# [WHAT TO DO]
In the data below, restate exactly the lines from the one with "Boatyard at Littlehampton." to the final line, both included, but not the pictures.

# [PROVIDED MATERIAL]

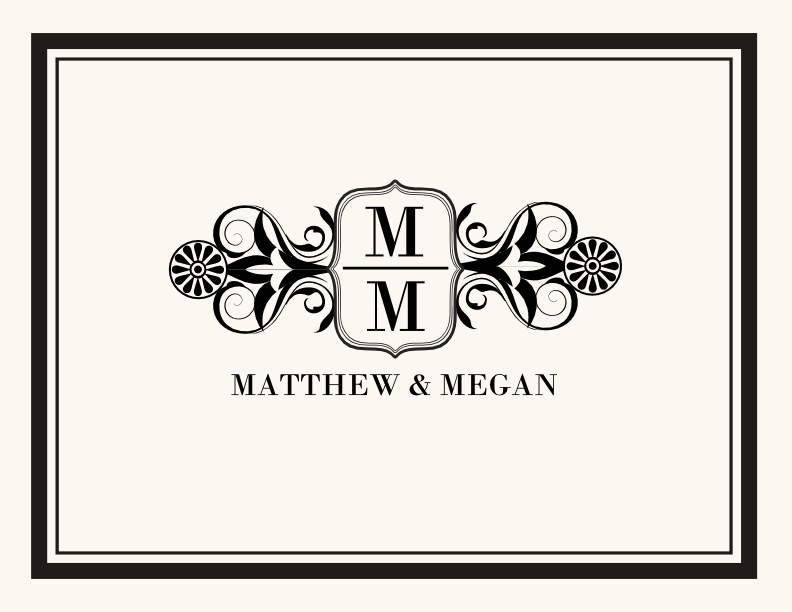 Time Traveler Contemporary and Classic Thank You Notes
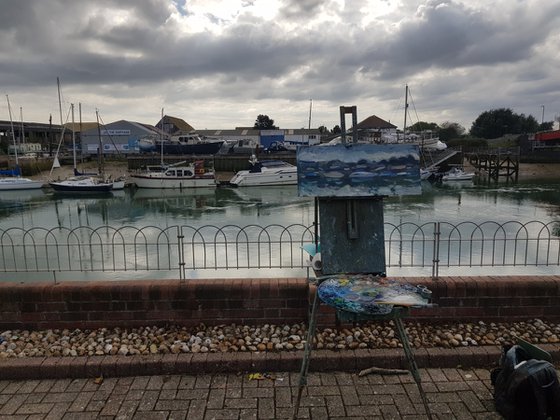 Boatyard at Littlehampton.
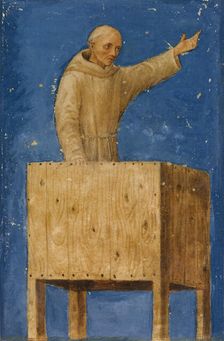 Saint Bernardino Preaching from a Pulpit, ca. 1470-75. Creator: Francesco di Giorgio Martini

# [WRITTEN RESPONSE]
 Boatyard at Littlehampton.
 Saint Bernardino Preaching from a Pulpit, ca. 1470-75. Creator: Francesco di Giorgio Martini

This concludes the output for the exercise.